### Exercise description
In full and exactly, reproduce the entries below, but omit the pictures.

### Source data
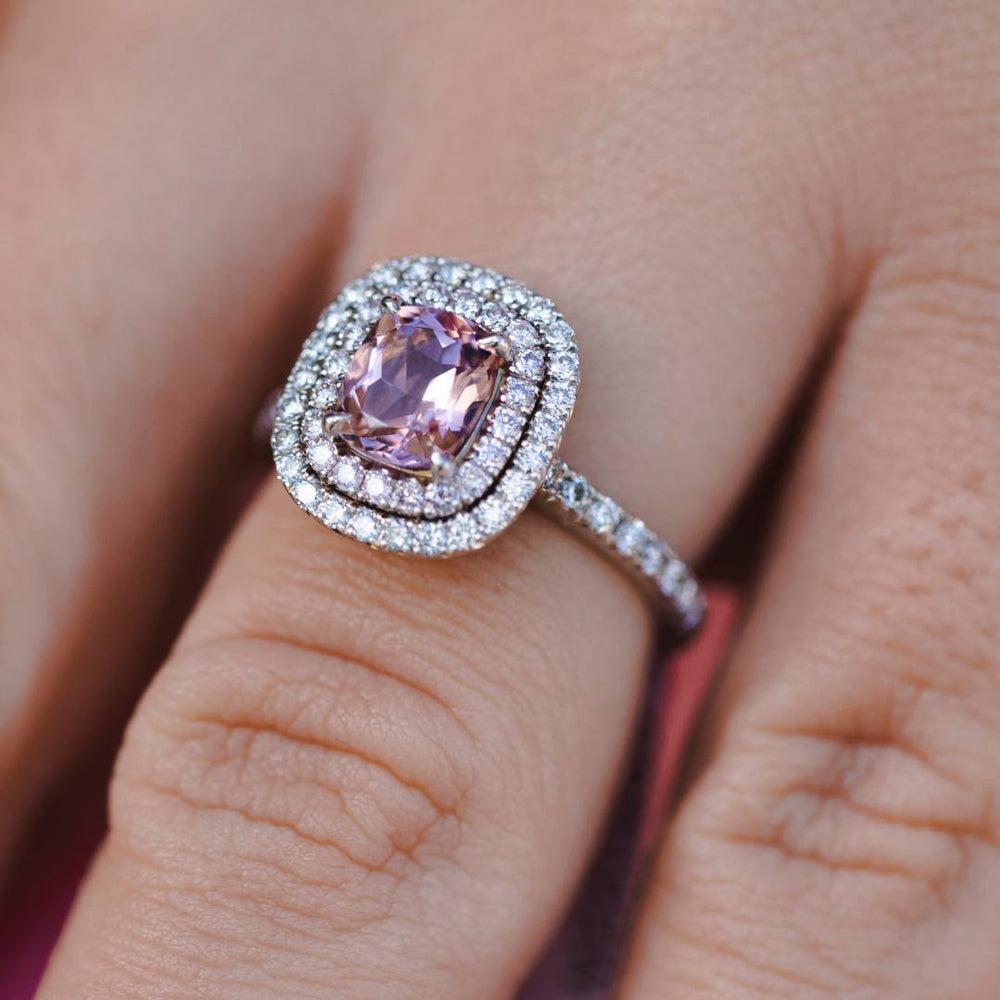 For Sale:  Morganite Pink Diamonds and White Diamonds Ring in 18k White Gold, Shlomit Rogel 7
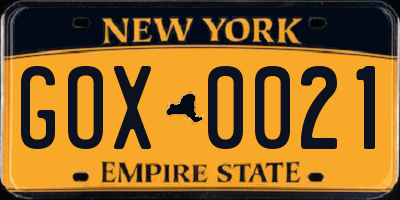 NY license plate GOX0021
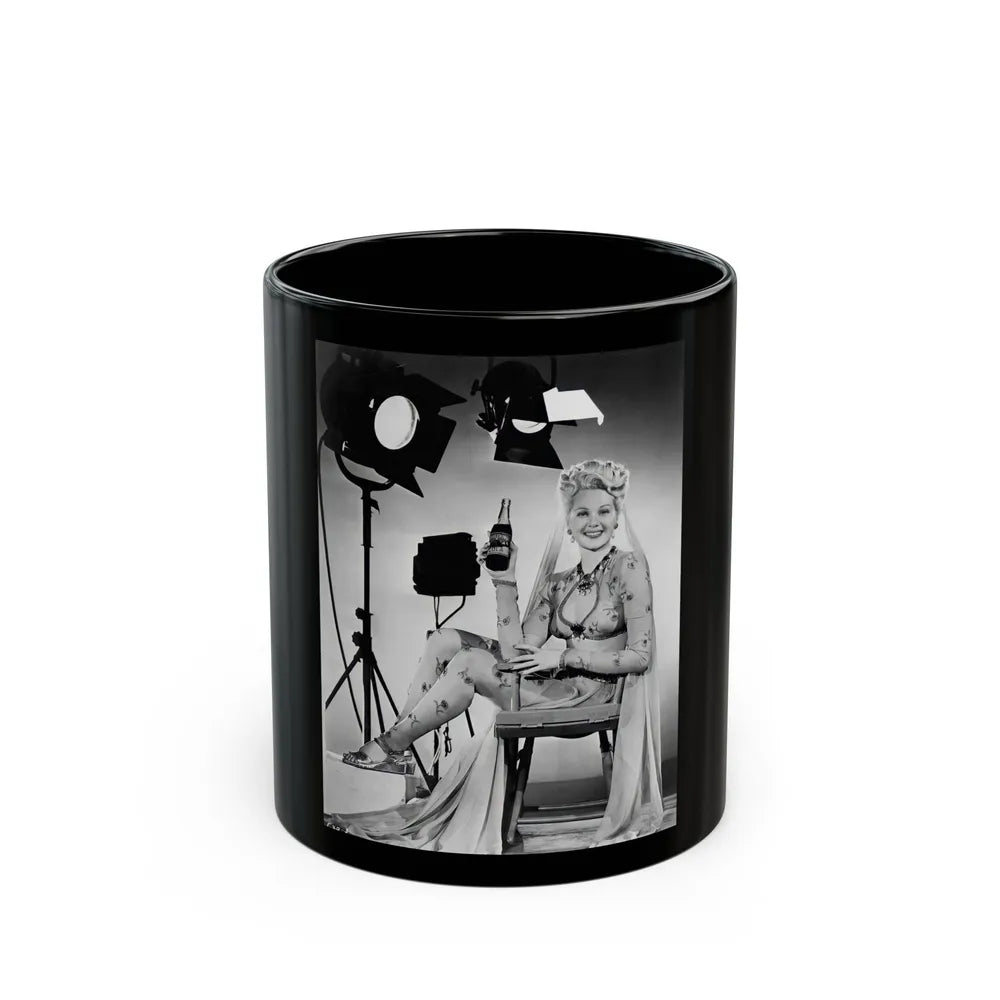 Adele Jergens #230 (Vintage Female Icon) Black Coffee Mug-11oz-Go Mug Yourself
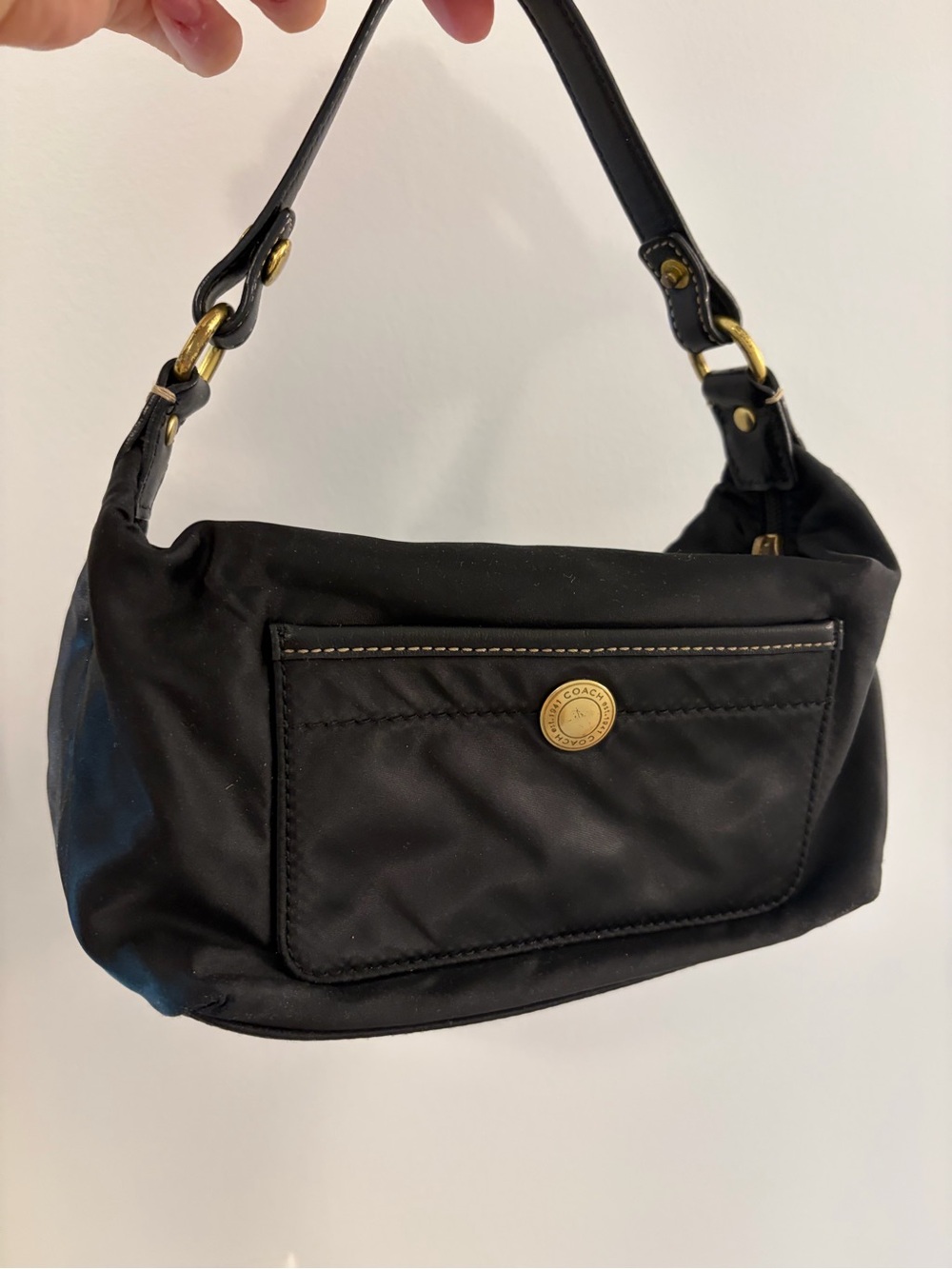 Coach Black Nylon Shoulder Bag with Gold-Tone Accents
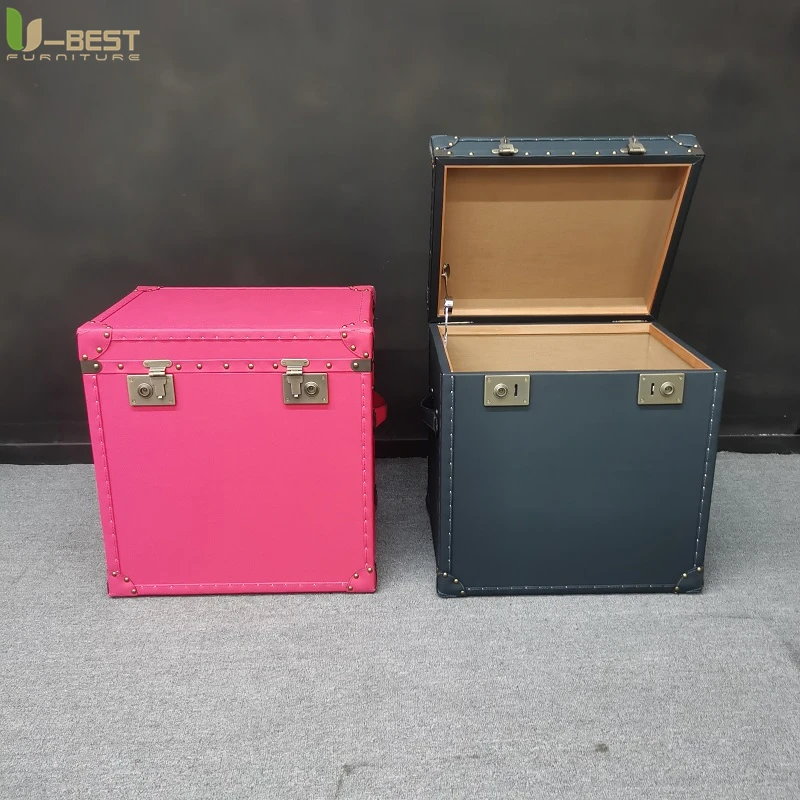 U-best Coffee Shop Leather Chest Center Table Drawers Canvas Storage American Vintage Leather Storage Trunk Steamer Side Table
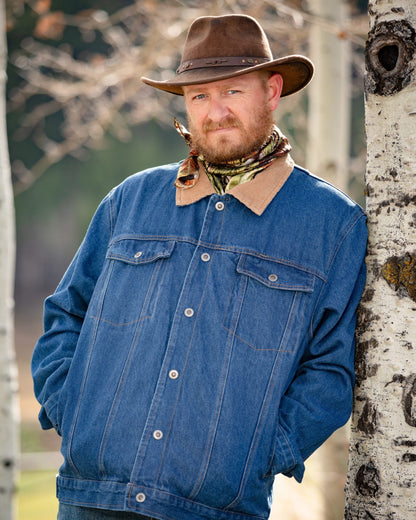 Men’s Denim Concealed Carry Jacket in Blue Denim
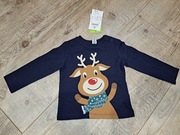 T-shirt z motywemświątecznym,  Renifer - rozm 80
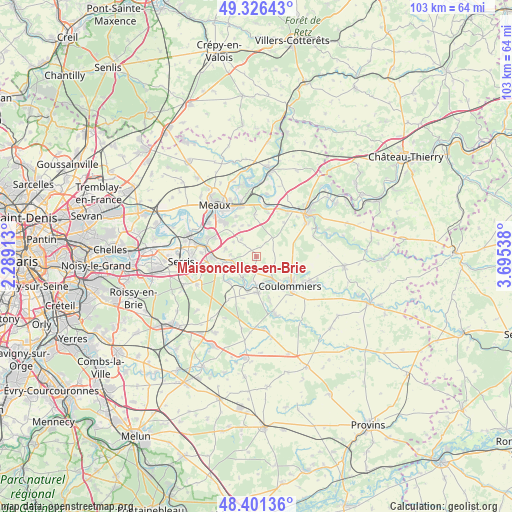 Maisoncelles-en-Brie on map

### Result for this task
 For Sale:  Morganite Pink Diamonds and White Diamonds Ring in 18k White Gold, Shlomit Rogel 7
 NY license plate GOX0021
 Adele Jergens #230 (Vintage Female Icon) Black Coffee Mug-11oz-Go Mug Yourself
 Coach Black Nylon Shoulder Bag with Gold-Tone Accents
 U-best Coffee Shop Leather Chest Center Table Drawers Canvas Storage American Vintage Leather Storage Trunk Steamer Side Table
 Men’s Denim Concealed Carry Jacket in Blue Denim
 T-shirt z motywemświątecznym,  Renifer - rozm 80
 Maisoncelles-en-Brie on map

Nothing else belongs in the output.